- [Provided data]
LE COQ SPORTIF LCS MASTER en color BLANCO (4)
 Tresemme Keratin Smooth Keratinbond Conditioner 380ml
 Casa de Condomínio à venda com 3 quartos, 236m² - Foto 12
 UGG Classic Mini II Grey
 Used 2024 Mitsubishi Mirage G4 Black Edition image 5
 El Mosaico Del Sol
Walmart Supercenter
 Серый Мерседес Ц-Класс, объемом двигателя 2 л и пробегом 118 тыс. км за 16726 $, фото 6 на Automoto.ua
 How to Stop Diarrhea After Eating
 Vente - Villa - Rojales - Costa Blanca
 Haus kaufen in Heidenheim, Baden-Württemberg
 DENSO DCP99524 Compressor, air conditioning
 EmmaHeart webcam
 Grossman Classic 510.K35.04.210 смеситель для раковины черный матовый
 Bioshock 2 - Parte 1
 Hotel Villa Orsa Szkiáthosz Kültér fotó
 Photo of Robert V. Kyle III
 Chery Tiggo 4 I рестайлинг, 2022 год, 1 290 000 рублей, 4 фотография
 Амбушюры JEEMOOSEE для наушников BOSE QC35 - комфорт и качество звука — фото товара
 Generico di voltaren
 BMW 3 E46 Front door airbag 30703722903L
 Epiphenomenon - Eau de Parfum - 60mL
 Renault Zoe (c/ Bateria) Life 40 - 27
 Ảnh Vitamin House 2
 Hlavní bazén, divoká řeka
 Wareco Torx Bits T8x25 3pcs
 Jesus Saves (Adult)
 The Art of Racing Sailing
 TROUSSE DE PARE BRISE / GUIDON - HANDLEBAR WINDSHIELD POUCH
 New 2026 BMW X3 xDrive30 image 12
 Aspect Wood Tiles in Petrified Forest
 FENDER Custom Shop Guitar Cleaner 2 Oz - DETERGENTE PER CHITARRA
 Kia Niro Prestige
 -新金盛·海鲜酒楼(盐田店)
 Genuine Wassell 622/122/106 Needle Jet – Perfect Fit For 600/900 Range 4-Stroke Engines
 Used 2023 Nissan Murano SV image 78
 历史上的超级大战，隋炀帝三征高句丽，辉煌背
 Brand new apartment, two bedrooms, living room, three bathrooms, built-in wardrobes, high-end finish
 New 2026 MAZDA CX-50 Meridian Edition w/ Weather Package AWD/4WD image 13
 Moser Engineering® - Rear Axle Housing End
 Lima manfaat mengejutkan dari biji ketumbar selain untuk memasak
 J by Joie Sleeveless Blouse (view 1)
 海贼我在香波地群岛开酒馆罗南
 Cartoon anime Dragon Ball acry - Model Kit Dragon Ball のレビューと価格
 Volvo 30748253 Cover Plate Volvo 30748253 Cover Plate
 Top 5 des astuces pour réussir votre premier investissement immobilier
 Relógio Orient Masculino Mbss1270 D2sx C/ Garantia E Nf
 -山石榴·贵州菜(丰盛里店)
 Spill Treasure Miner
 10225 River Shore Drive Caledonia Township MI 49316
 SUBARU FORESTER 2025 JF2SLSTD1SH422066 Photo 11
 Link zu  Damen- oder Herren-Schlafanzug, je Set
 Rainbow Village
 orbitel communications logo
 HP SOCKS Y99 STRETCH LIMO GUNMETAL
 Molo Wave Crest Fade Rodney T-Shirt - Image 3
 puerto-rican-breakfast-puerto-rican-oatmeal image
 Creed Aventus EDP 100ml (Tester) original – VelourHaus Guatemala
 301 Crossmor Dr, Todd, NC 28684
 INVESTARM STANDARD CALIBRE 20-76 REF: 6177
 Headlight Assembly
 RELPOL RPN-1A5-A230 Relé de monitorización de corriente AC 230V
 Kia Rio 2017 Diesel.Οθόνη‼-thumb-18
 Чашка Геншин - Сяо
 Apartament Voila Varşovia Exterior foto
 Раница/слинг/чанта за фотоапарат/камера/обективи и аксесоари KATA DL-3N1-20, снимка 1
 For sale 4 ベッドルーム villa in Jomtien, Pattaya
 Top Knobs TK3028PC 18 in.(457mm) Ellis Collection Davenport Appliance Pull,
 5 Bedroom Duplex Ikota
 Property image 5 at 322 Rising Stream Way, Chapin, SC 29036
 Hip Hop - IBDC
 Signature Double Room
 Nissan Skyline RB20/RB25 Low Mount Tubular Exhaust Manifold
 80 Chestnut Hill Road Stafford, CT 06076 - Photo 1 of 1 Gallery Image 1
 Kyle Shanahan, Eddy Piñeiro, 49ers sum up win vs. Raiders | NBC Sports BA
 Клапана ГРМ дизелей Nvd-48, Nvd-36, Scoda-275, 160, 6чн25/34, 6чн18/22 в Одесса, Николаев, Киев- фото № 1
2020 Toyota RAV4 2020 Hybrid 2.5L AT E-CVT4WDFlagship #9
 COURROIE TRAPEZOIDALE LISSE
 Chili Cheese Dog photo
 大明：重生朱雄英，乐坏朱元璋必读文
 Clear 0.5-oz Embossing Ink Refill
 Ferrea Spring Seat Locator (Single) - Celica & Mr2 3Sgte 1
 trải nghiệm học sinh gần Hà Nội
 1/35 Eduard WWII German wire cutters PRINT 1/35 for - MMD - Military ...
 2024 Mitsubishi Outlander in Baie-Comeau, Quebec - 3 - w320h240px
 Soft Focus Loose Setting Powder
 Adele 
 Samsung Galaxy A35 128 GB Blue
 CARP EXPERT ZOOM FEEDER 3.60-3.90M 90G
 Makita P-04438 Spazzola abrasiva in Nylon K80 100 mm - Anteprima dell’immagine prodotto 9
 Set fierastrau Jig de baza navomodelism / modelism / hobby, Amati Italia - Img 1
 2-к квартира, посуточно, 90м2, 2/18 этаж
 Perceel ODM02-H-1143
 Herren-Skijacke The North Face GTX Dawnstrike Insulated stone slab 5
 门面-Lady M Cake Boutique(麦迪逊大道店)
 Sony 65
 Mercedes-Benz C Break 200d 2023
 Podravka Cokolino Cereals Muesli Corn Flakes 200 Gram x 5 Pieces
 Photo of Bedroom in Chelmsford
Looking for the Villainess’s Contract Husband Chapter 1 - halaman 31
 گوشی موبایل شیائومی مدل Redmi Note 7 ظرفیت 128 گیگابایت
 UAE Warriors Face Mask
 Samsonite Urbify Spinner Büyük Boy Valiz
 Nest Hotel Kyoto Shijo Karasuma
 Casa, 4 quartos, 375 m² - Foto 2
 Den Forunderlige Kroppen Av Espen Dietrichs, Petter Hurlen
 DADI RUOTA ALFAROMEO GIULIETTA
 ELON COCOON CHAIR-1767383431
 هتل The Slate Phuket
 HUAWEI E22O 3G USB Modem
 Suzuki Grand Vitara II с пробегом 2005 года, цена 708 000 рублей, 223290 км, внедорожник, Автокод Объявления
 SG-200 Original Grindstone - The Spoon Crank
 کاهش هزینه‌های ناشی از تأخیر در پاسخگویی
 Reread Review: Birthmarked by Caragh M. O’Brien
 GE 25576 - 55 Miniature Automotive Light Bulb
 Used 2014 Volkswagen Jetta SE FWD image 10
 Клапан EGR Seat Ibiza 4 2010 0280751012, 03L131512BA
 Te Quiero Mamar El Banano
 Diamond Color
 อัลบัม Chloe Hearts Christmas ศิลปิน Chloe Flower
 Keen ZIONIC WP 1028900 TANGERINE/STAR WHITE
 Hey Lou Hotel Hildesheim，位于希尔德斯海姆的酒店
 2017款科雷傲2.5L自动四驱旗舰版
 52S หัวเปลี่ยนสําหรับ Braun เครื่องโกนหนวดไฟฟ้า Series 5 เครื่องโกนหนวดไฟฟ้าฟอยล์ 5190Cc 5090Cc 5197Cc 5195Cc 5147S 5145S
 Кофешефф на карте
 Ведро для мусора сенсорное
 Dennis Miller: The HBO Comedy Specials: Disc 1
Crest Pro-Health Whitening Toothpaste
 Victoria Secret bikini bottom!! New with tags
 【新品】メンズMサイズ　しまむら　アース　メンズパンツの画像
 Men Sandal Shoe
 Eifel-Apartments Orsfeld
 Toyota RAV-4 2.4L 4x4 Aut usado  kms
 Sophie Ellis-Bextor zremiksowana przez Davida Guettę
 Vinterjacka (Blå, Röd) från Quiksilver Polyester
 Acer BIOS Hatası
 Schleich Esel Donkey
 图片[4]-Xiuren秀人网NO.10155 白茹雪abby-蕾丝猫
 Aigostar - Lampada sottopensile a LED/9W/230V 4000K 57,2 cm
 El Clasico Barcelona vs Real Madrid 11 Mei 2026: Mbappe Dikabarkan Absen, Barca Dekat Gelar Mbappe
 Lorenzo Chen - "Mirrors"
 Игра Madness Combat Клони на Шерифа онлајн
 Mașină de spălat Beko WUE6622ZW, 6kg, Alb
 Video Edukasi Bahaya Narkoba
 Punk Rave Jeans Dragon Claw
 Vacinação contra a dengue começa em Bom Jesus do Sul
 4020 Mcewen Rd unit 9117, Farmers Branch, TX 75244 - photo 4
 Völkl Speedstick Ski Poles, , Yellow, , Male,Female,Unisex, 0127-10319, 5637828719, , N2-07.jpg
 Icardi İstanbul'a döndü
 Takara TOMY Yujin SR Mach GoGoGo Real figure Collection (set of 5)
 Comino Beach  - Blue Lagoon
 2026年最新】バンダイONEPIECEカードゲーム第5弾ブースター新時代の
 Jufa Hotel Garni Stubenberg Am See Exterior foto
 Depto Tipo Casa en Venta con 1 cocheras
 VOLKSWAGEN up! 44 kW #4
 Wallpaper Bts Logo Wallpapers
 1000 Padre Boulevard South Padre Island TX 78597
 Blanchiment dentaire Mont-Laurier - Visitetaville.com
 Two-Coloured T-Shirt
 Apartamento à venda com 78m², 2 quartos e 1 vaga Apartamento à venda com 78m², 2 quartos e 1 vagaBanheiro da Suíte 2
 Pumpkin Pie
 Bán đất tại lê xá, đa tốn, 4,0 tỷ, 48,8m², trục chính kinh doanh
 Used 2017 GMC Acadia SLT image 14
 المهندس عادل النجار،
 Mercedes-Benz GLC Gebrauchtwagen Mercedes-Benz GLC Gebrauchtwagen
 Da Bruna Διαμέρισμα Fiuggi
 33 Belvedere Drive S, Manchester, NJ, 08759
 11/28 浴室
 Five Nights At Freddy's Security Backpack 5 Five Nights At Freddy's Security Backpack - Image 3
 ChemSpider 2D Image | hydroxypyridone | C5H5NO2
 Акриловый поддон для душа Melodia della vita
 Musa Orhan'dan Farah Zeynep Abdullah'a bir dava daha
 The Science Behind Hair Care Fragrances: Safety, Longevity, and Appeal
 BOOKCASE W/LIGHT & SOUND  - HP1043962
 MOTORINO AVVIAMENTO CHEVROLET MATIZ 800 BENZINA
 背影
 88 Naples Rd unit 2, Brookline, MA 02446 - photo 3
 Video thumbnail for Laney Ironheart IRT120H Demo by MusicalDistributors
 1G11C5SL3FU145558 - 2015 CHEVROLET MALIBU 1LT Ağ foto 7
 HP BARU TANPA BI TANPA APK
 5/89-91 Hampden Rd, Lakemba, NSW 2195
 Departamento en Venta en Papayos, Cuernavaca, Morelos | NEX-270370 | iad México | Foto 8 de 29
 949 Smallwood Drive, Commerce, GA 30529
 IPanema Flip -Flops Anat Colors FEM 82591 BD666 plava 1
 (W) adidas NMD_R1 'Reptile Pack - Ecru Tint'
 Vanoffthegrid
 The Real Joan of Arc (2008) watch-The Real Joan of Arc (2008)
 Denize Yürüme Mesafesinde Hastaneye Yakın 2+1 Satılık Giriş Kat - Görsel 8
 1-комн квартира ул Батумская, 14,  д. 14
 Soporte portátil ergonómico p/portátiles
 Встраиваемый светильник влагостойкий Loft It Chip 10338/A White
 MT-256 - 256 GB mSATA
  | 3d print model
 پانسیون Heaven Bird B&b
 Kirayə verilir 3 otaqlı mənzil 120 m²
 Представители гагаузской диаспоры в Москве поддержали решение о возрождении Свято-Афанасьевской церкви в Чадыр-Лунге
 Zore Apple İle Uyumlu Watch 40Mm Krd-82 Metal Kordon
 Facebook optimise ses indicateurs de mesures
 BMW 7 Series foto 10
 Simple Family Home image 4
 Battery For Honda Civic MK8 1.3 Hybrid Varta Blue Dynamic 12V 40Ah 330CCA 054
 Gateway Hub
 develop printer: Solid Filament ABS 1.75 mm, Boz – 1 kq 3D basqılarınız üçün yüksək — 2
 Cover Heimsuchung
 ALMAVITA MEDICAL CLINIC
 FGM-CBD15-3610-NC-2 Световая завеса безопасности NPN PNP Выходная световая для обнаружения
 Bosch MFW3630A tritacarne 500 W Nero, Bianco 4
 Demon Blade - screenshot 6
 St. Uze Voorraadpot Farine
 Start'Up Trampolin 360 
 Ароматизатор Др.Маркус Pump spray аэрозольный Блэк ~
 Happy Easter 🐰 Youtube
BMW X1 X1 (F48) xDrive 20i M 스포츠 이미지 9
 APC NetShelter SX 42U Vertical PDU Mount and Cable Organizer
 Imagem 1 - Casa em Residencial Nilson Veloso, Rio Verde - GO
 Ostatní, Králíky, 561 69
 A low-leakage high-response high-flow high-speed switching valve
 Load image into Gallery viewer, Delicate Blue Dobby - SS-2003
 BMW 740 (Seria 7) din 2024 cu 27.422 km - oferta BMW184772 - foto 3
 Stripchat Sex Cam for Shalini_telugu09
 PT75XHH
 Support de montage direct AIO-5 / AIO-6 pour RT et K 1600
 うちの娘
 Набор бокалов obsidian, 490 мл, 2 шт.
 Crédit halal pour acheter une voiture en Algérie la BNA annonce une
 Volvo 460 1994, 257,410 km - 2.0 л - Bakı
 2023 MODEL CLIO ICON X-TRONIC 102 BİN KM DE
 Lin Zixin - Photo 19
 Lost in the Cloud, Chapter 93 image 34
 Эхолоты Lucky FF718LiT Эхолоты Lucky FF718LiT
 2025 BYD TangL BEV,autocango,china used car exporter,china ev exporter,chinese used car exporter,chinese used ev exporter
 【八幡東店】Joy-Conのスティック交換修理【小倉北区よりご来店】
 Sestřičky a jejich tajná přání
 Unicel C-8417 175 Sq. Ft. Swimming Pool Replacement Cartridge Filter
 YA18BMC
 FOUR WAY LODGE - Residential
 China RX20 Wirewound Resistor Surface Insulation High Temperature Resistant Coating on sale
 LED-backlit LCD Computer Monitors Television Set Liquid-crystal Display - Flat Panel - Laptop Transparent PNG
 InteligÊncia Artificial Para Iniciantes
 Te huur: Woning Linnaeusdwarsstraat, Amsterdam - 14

- [Work task] Give back, word for word, only the lines above from the line holding "Suzuki Grand Vitara" to the line holding "Two-Coloured T-Shirt", both included.

- [Task solution]
 Suzuki Grand Vitara II с пробегом 2005 года, цена 708 000 рублей, 223290 км, внедорожник, Автокод Объявления
 SG-200 Original Grindstone - The Spoon Crank
 کاهش هزینه‌های ناشی از تأخیر در پاسخگویی
 Reread Review: Birthmarked by Caragh M. O’Brien
 GE 25576 - 55 Miniature Automotive Light Bulb
 Used 2014 Volkswagen Jetta SE FWD image 10
 Клапан EGR Seat Ibiza 4 2010 0280751012, 03L131512BA
 Te Quiero Mamar El Banano
 Diamond Color
 อัลบัม Chloe Hearts Christmas ศิลปิน Chloe Flower
 Keen ZIONIC WP 1028900 TANGERINE/STAR WHITE
 Hey Lou Hotel Hildesheim，位于希尔德斯海姆的酒店
 2017款科雷傲2.5L自动四驱旗舰版
 52S หัวเปลี่ยนสําหรับ Braun เครื่องโกนหนวดไฟฟ้า Series 5 เครื่องโกนหนวดไฟฟ้าฟอยล์ 5190Cc 5090Cc 5197Cc 5195Cc 5147S 5145S
 Кофешефф на карте
 Ведро для мусора сенсорное
 Dennis Miller: The HBO Comedy Specials: Disc 1
Crest Pro-Health Whitening Toothpaste
 Victoria Secret bikini bottom!! New with tags
 【新品】メンズMサイズ　しまむら　アース　メンズパンツの画像
 Men Sandal Shoe
 Eifel-Apartments Orsfeld
 Toyota RAV-4 2.4L 4x4 Aut usado  kms
 Sophie Ellis-Bextor zremiksowana przez Davida Guettę
 Vinterjacka (Blå, Röd) från Quiksilver Polyester
 Acer BIOS Hatası
 Schleich Esel Donkey
 图片[4]-Xiuren秀人网NO.10155 白茹雪abby-蕾丝猫
 Aigostar - Lampada sottopensile a LED/9W/230V 4000K 57,2 cm
 El Clasico Barcelona vs Real Madrid 11 Mei 2026: Mbappe Dikabarkan Absen, Barca Dekat Gelar Mbappe
 Lorenzo Chen - "Mirrors"
 Игра Madness Combat Клони на Шерифа онлајн
 Mașină de spălat Beko WUE6622ZW, 6kg, Alb
 Video Edukasi Bahaya Narkoba
 Punk Rave Jeans Dragon Claw
 Vacinação contra a dengue começa em Bom Jesus do Sul
 4020 Mcewen Rd unit 9117, Farmers Branch, TX 75244 - photo 4
 Völkl Speedstick Ski Poles, , Yellow, , Male,Female,Unisex, 0127-10319, 5637828719, , N2-07.jpg
 Icardi İstanbul'a döndü
 Takara TOMY Yujin SR Mach GoGoGo Real figure Collection (set of 5)
 Comino Beach  - Blue Lagoon
 2026年最新】バンダイONEPIECEカードゲーム第5弾ブースター新時代の
 Jufa Hotel Garni Stubenberg Am See Exterior foto
 Depto Tipo Casa en Venta con 1 cocheras
 VOLKSWAGEN up! 44 kW #4
 Wallpaper Bts Logo Wallpapers
 1000 Padre Boulevard South Padre Island TX 78597
 Blanchiment dentaire Mont-Laurier - Visitetaville.com
 Two-Coloured T-Shirt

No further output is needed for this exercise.